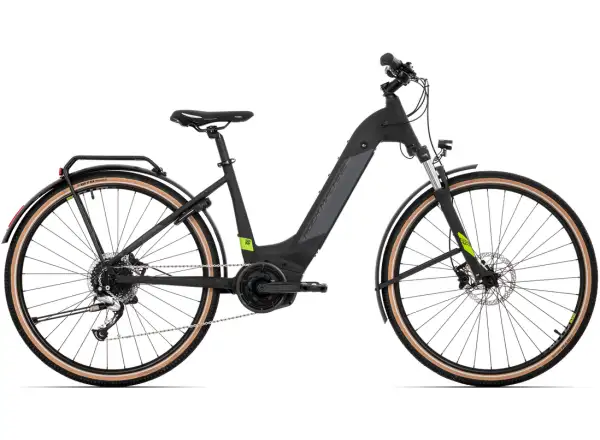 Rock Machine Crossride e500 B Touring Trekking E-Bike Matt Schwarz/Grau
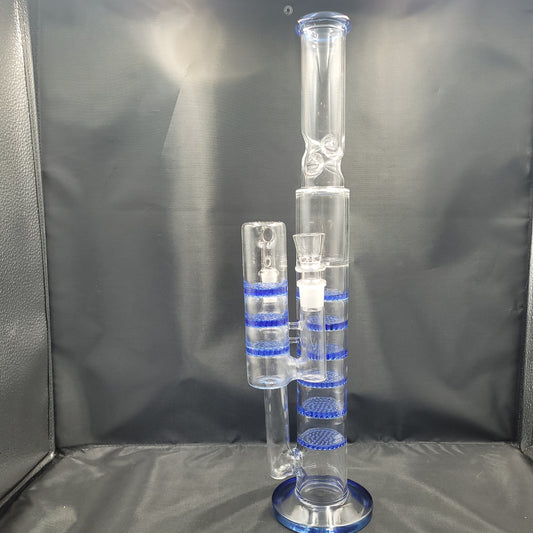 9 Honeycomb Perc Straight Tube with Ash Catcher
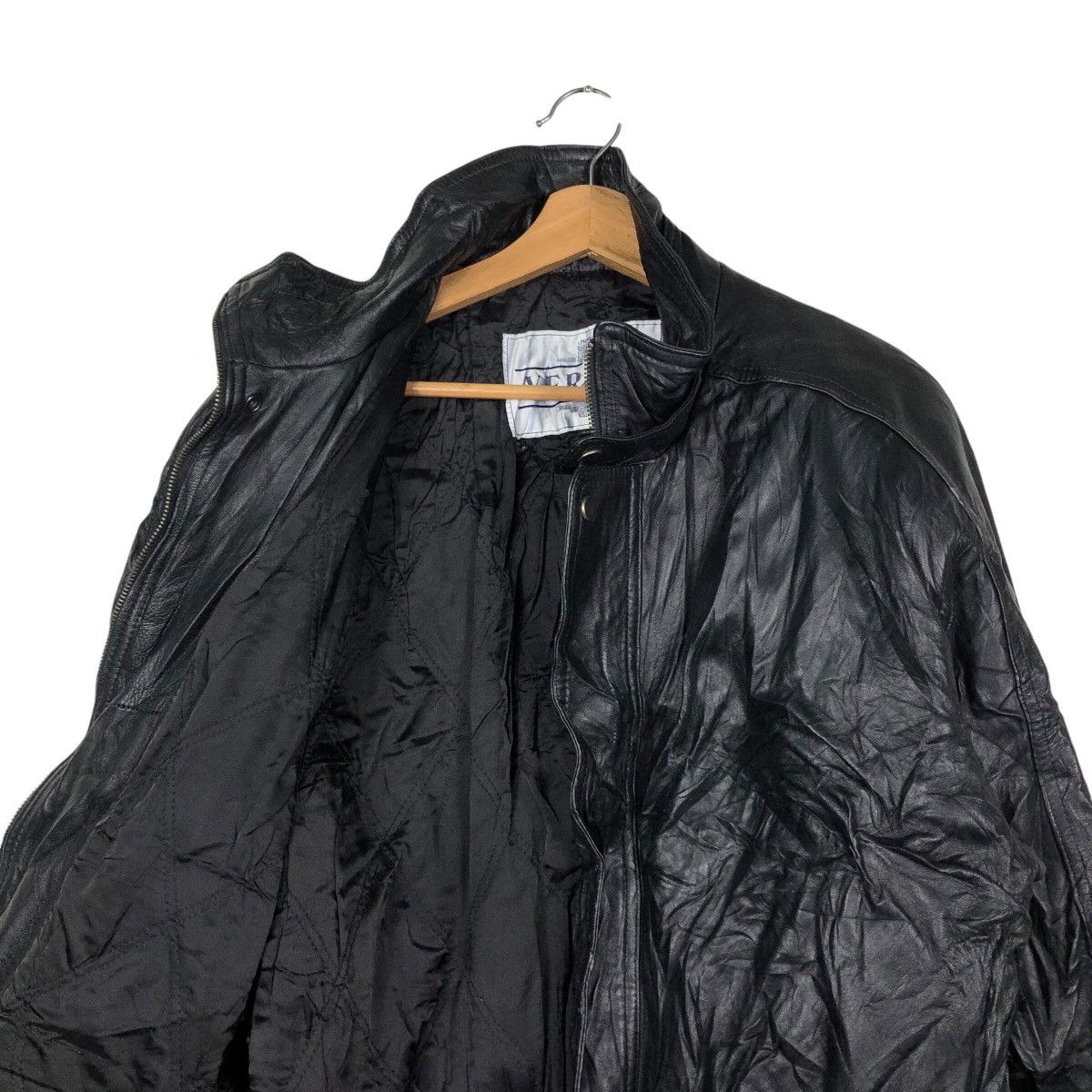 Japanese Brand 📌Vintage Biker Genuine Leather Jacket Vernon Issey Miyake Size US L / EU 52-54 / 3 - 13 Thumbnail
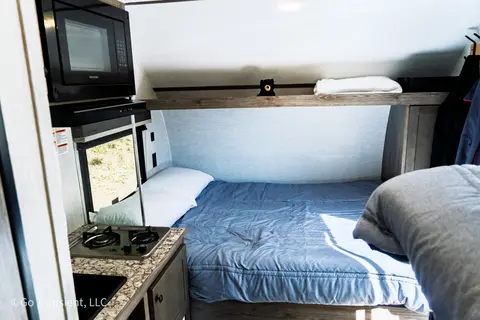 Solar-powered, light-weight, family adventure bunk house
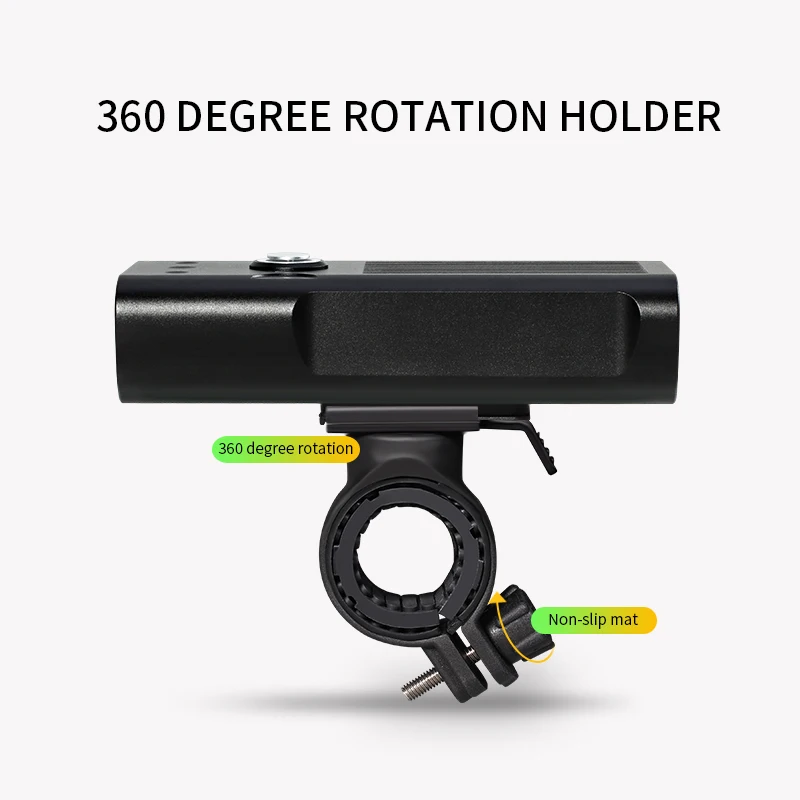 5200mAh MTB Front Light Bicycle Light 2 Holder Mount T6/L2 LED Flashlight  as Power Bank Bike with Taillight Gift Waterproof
^^^^^^^^
• Exercise details: Give back exactly the lines from the one containing "Japanese Brand 📌Vintage" through the last line above, both included, and none of the pictures.

• Output for this task:
 Japanese Brand 📌Vintage Biker Genuine Leather Jacket Vernon Issey Miyake Size US L / EU 52-54 / 3 - 13 Thumbnail
 Solar-powered, light-weight, family adventure bunk house
 5200mAh MTB Front Light Bicycle Light 2 Holder Mount T6/L2 LED Flashlight  as Power Bank Bike with Taillight Gift Waterproof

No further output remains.